EXERCISE REQUIREMENTS: Below is a listing; reproduce each line of it exactly.

□ □ □ □

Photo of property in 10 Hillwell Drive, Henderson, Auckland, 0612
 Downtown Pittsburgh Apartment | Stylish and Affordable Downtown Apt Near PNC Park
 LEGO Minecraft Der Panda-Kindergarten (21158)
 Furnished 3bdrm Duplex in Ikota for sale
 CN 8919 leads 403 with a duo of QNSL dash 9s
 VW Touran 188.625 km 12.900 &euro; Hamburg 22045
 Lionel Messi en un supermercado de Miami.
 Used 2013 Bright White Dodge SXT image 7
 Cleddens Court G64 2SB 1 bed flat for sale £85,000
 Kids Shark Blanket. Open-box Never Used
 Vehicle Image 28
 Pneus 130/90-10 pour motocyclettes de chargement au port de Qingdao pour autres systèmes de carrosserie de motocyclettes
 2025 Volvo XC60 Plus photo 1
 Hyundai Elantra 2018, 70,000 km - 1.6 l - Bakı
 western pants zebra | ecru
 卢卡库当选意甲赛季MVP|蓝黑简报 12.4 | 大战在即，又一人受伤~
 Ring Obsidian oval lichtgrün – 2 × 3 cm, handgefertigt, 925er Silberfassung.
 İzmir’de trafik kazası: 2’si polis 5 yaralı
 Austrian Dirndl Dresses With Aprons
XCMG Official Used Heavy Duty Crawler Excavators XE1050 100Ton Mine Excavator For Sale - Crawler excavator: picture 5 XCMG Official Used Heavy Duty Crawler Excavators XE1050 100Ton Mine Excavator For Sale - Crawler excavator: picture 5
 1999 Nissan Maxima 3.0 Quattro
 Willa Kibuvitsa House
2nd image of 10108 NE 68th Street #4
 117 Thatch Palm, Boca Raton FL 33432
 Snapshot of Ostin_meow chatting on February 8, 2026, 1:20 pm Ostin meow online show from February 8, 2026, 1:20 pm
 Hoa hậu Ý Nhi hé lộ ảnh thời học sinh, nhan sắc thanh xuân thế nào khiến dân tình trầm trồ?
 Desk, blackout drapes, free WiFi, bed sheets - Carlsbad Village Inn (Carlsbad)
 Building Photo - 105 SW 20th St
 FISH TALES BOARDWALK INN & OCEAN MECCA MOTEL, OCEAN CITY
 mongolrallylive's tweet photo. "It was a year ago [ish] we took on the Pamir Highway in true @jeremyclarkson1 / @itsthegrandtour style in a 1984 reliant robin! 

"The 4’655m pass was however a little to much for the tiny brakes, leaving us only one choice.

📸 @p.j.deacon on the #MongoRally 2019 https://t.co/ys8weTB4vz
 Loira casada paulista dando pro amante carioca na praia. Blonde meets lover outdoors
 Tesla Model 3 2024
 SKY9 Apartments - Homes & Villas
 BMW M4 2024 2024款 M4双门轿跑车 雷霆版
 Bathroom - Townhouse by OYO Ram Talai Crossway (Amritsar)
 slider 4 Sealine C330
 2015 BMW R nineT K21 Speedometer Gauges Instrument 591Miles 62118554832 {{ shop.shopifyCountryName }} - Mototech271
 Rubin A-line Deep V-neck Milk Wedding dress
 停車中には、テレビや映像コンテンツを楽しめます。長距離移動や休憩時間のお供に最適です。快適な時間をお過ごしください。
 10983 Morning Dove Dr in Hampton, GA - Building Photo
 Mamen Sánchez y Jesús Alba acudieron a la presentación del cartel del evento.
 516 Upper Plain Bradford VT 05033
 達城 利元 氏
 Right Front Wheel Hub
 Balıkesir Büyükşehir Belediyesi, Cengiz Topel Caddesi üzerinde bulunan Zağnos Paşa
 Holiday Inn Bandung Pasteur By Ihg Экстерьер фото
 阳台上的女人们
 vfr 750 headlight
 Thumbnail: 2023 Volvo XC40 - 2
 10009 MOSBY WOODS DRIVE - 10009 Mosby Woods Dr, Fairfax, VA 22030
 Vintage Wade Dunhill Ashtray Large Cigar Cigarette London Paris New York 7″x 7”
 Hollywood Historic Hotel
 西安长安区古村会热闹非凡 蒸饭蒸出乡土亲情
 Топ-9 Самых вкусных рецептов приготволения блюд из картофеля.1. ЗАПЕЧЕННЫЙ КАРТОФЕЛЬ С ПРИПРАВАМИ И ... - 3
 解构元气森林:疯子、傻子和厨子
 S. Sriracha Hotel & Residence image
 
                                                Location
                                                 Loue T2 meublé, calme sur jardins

□ □ □ □

RESPONSE AREA:
Photo of property in 10 Hillwell Drive, Henderson, Auckland, 0612
 Downtown Pittsburgh Apartment | Stylish and Affordable Downtown Apt Near PNC Park
 LEGO Minecraft Der Panda-Kindergarten (21158)
 Furnished 3bdrm Duplex in Ikota for sale
 CN 8919 leads 403 with a duo of QNSL dash 9s
 VW Touran 188.625 km 12.900 &euro; Hamburg 22045
 Lionel Messi en un supermercado de Miami.
 Used 2013 Bright White Dodge SXT image 7
 Cleddens Court G64 2SB 1 bed flat for sale £85,000
 Kids Shark Blanket. Open-box Never Used
 Vehicle Image 28
 Pneus 130/90-10 pour motocyclettes de chargement au port de Qingdao pour autres systèmes de carrosserie de motocyclettes
 2025 Volvo XC60 Plus photo 1
 Hyundai Elantra 2018, 70,000 km - 1.6 l - Bakı
 western pants zebra | ecru
 卢卡库当选意甲赛季MVP|蓝黑简报 12.4 | 大战在即，又一人受伤~
 Ring Obsidian oval lichtgrün – 2 × 3 cm, handgefertigt, 925er Silberfassung.
 İzmir’de trafik kazası: 2’si polis 5 yaralı
 Austrian Dirndl Dresses With Aprons
XCMG Official Used Heavy Duty Crawler Excavators XE1050 100Ton Mine Excavator For Sale - Crawler excavator: picture 5 XCMG Official Used Heavy Duty Crawler Excavators XE1050 100Ton Mine Excavator For Sale - Crawler excavator: picture 5
 1999 Nissan Maxima 3.0 Quattro
 Willa Kibuvitsa House
2nd image of 10108 NE 68th Street #4
 117 Thatch Palm, Boca Raton FL 33432
 Snapshot of Ostin_meow chatting on February 8, 2026, 1:20 pm Ostin meow online show from February 8, 2026, 1:20 pm
 Hoa hậu Ý Nhi hé lộ ảnh thời học sinh, nhan sắc thanh xuân thế nào khiến dân tình trầm trồ?
 Desk, blackout drapes, free WiFi, bed sheets - Carlsbad Village Inn (Carlsbad)
 Building Photo - 105 SW 20th St
 FISH TALES BOARDWALK INN & OCEAN MECCA MOTEL, OCEAN CITY
 mongolrallylive's tweet photo. "It was a year ago [ish] we took on the Pamir Highway in true @jeremyclarkson1 / @itsthegrandtour style in a 1984 reliant robin! 

"The 4’655m pass was however a little to much for the tiny brakes, leaving us only one choice.

📸 @p.j.deacon on the #MongoRally 2019 https://t.co/ys8weTB4vz
 Loira casada paulista dando pro amante carioca na praia. Blonde meets lover outdoors
 Tesla Model 3 2024
 SKY9 Apartments - Homes & Villas
 BMW M4 2024 2024款 M4双门轿跑车 雷霆版
 Bathroom - Townhouse by OYO Ram Talai Crossway (Amritsar)
 slider 4 Sealine C330
 2015 BMW R nineT K21 Speedometer Gauges Instrument 591Miles 62118554832 {{ shop.shopifyCountryName }} - Mototech271
 Rubin A-line Deep V-neck Milk Wedding dress
 停車中には、テレビや映像コンテンツを楽しめます。長距離移動や休憩時間のお供に最適です。快適な時間をお過ごしください。
 10983 Morning Dove Dr in Hampton, GA - Building Photo
 Mamen Sánchez y Jesús Alba acudieron a la presentación del cartel del evento.
 516 Upper Plain Bradford VT 05033
 達城 利元 氏
 Right Front Wheel Hub
 Balıkesir Büyükşehir Belediyesi, Cengiz Topel Caddesi üzerinde bulunan Zağnos Paşa
 Holiday Inn Bandung Pasteur By Ihg Экстерьер фото
 阳台上的女人们
 vfr 750 headlight
 Thumbnail: 2023 Volvo XC40 - 2
 10009 MOSBY WOODS DRIVE - 10009 Mosby Woods Dr, Fairfax, VA 22030
 Vintage Wade Dunhill Ashtray Large Cigar Cigarette London Paris New York 7″x 7”
 Hollywood Historic Hotel
 西安长安区古村会热闹非凡 蒸饭蒸出乡土亲情
 Топ-9 Самых вкусных рецептов приготволения блюд из картофеля.1. ЗАПЕЧЕННЫЙ КАРТОФЕЛЬ С ПРИПРАВАМИ И ... - 3
 解构元气森林:疯子、傻子和厨子
 S. Sriracha Hotel & Residence image
 
                                                Location
                                                 Loue T2 meublé, calme sur jardins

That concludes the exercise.